> [INPUT RECORDS]:
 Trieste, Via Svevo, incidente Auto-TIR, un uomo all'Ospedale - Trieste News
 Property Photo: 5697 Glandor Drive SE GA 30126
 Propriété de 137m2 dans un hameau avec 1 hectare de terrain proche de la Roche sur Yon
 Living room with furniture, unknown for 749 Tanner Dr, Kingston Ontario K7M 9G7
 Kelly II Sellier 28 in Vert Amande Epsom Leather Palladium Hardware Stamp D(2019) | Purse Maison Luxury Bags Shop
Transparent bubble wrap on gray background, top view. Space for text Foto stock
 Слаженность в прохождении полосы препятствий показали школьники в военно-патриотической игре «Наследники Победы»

* * *

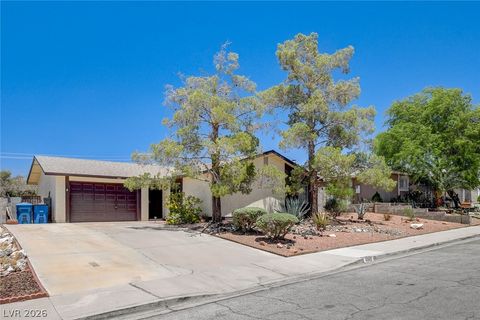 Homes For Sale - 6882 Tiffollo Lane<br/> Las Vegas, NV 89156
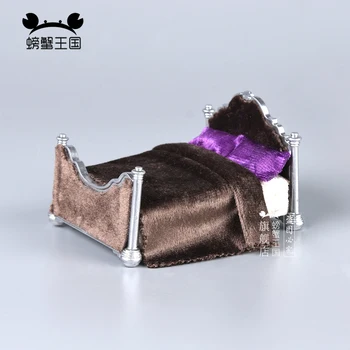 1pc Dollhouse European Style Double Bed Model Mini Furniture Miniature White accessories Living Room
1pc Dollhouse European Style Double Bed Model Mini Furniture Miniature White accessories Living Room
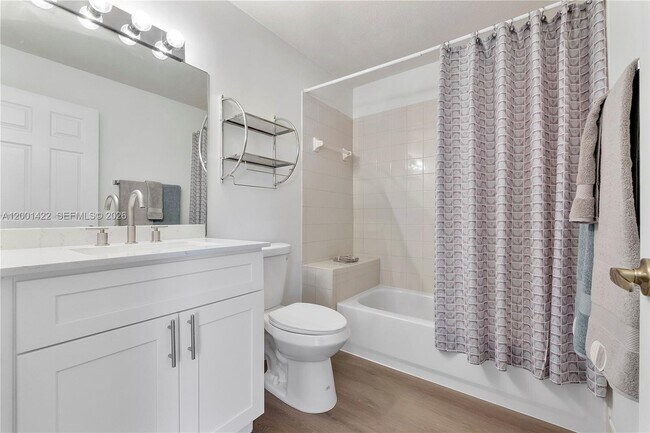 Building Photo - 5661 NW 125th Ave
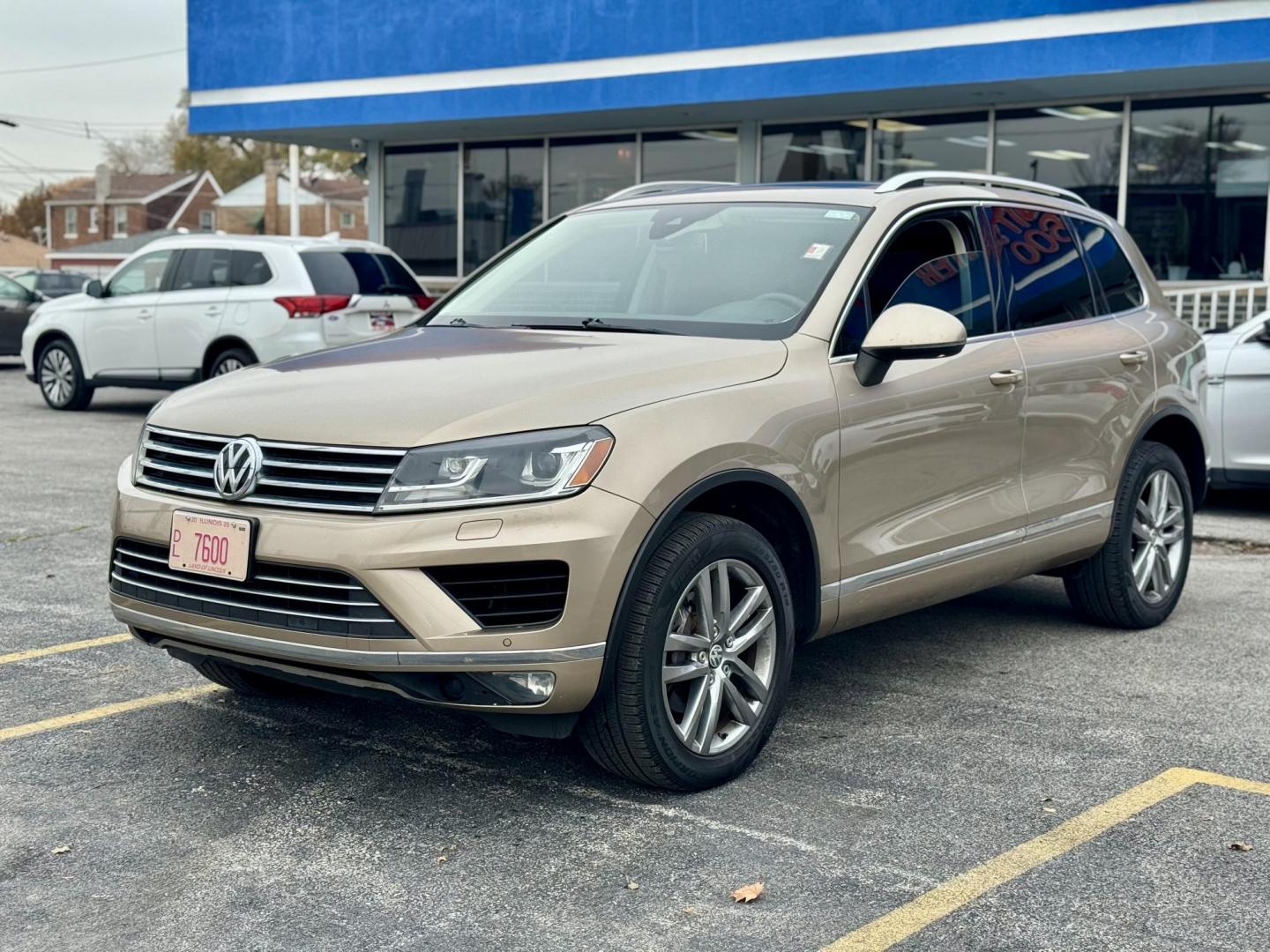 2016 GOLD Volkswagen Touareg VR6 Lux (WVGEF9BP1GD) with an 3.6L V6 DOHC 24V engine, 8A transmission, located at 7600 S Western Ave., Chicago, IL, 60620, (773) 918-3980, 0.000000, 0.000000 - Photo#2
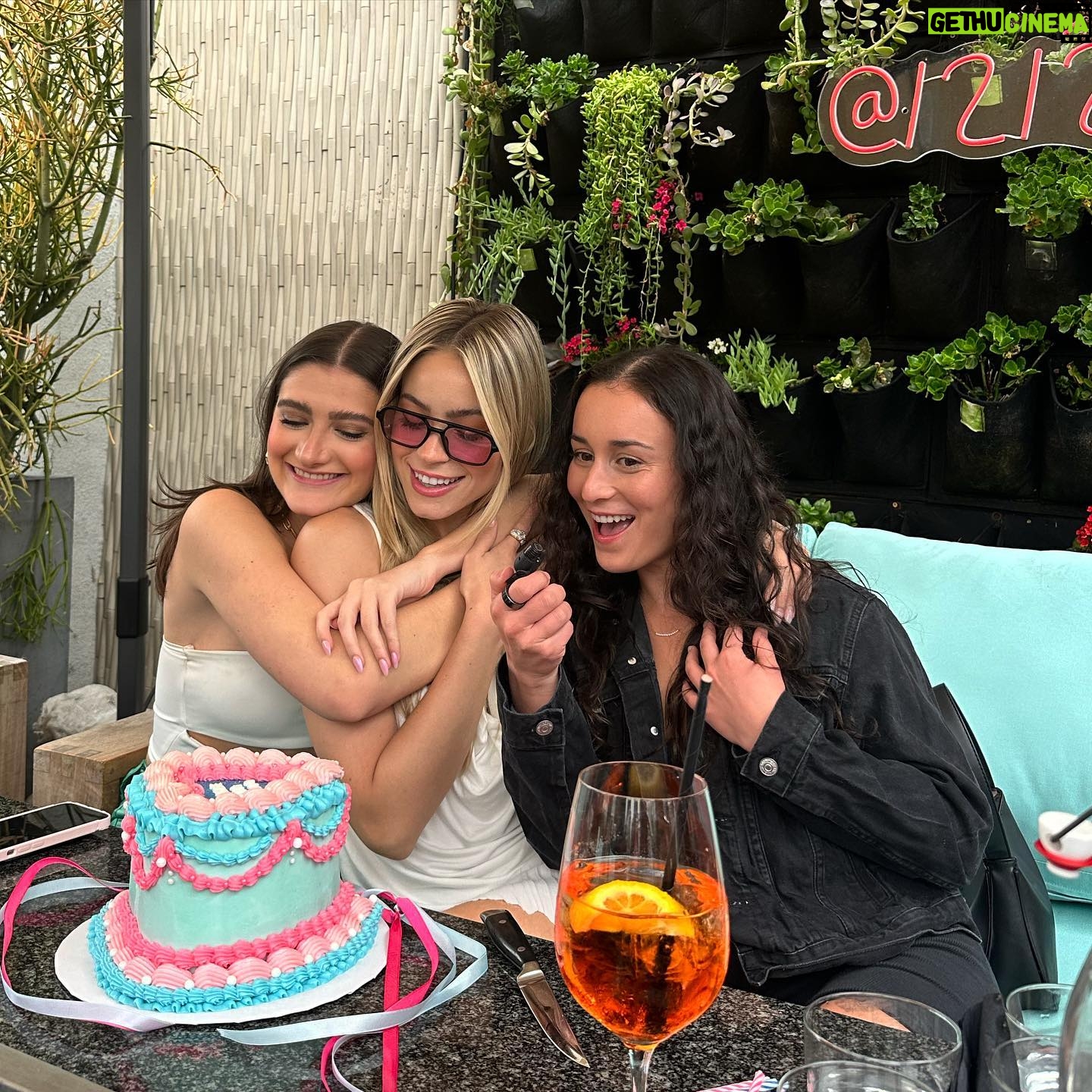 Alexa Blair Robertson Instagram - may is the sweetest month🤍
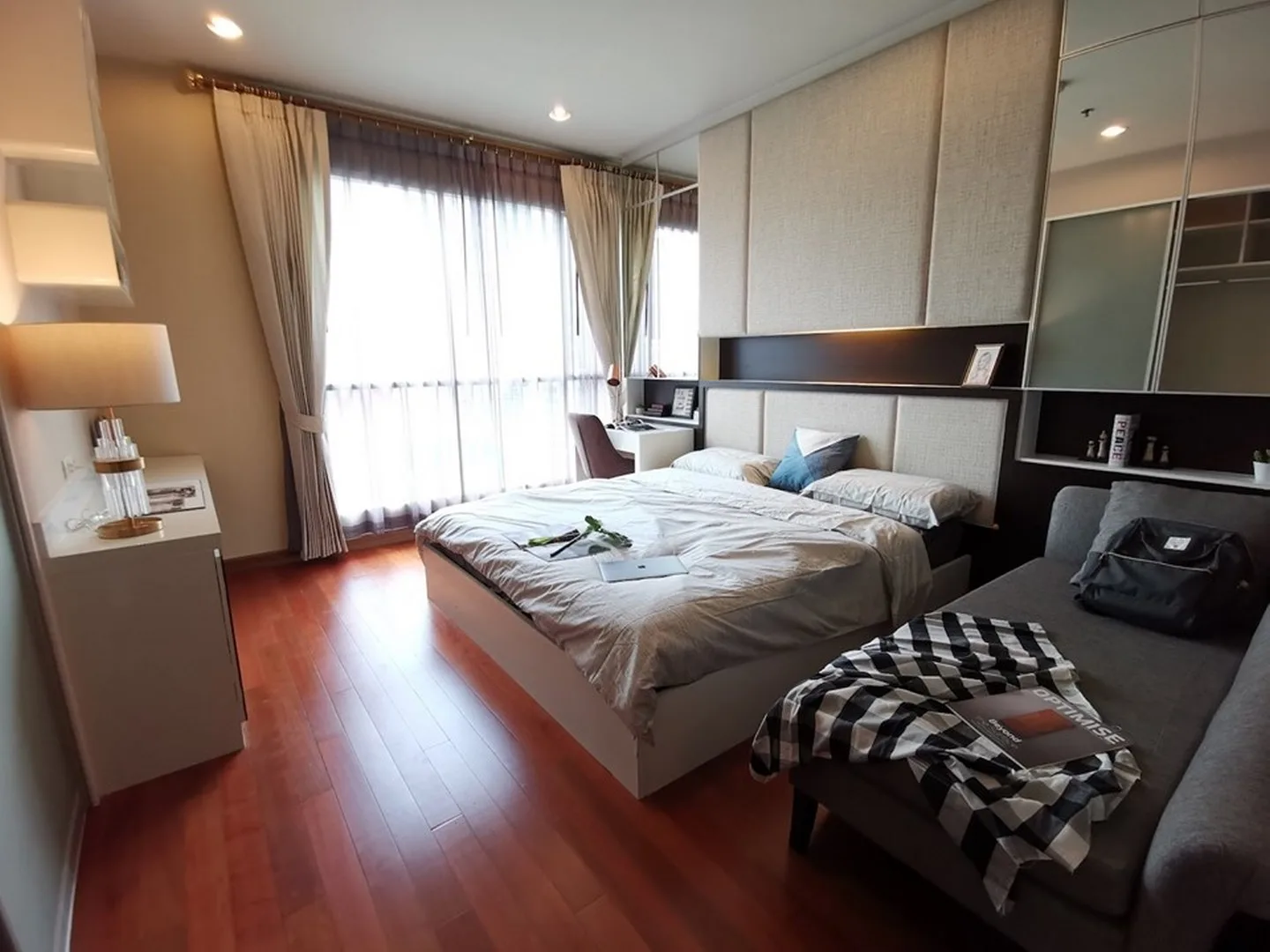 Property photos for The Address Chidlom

...

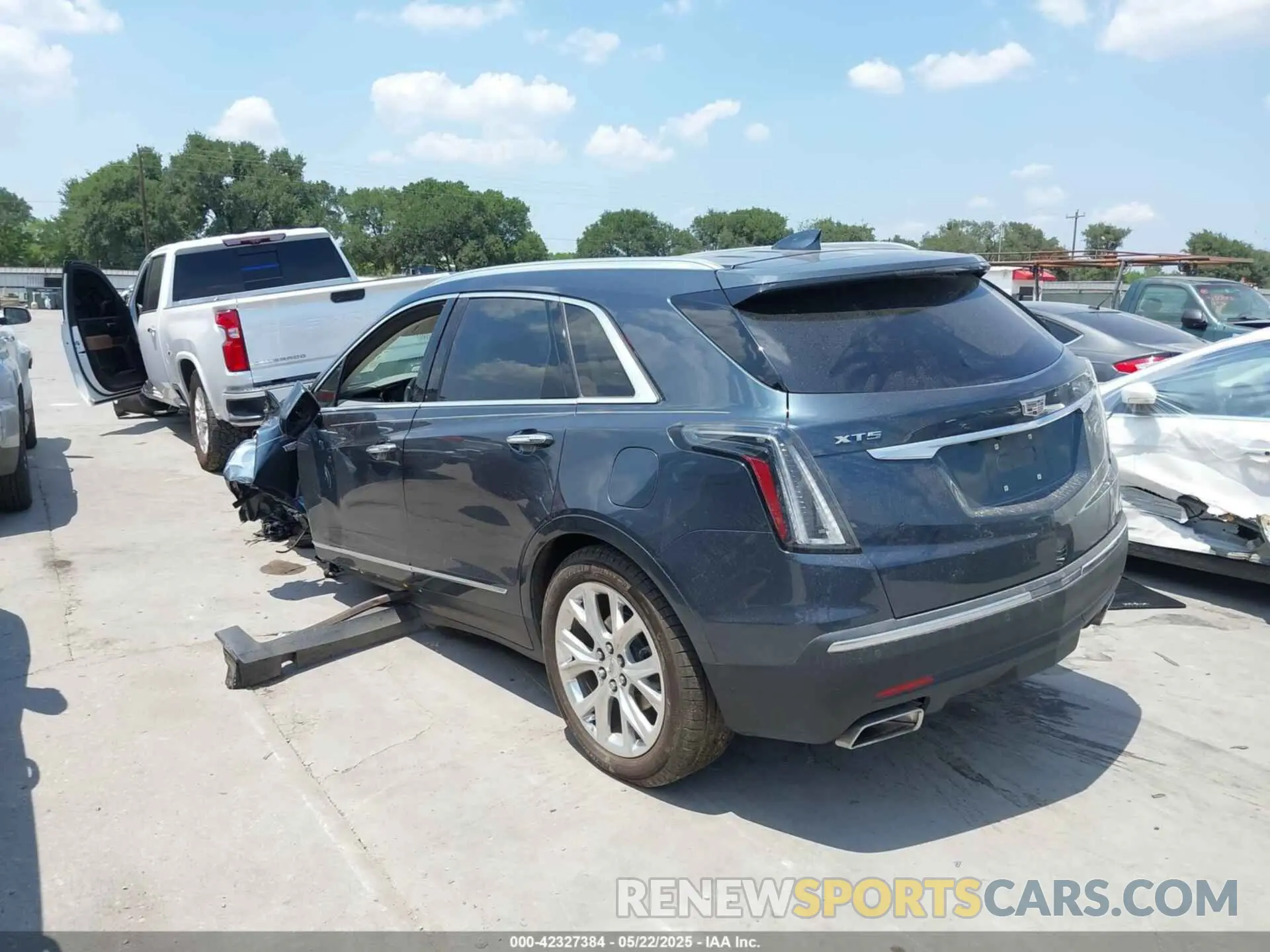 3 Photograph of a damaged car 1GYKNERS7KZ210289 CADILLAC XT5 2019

> [WHAT THE TASK ASKS]: Output the lines of the records above exactly as they appear, from the line containing "Transparent bubble wrap" through the line containing "Слаженность в прохождении".

> [ANSWER BOX]:
Transparent bubble wrap on gray background, top view. Space for text Foto stock
 Слаженность в прохождении полосы препятствий показали школьники в военно-патриотической игре «Наследники Победы»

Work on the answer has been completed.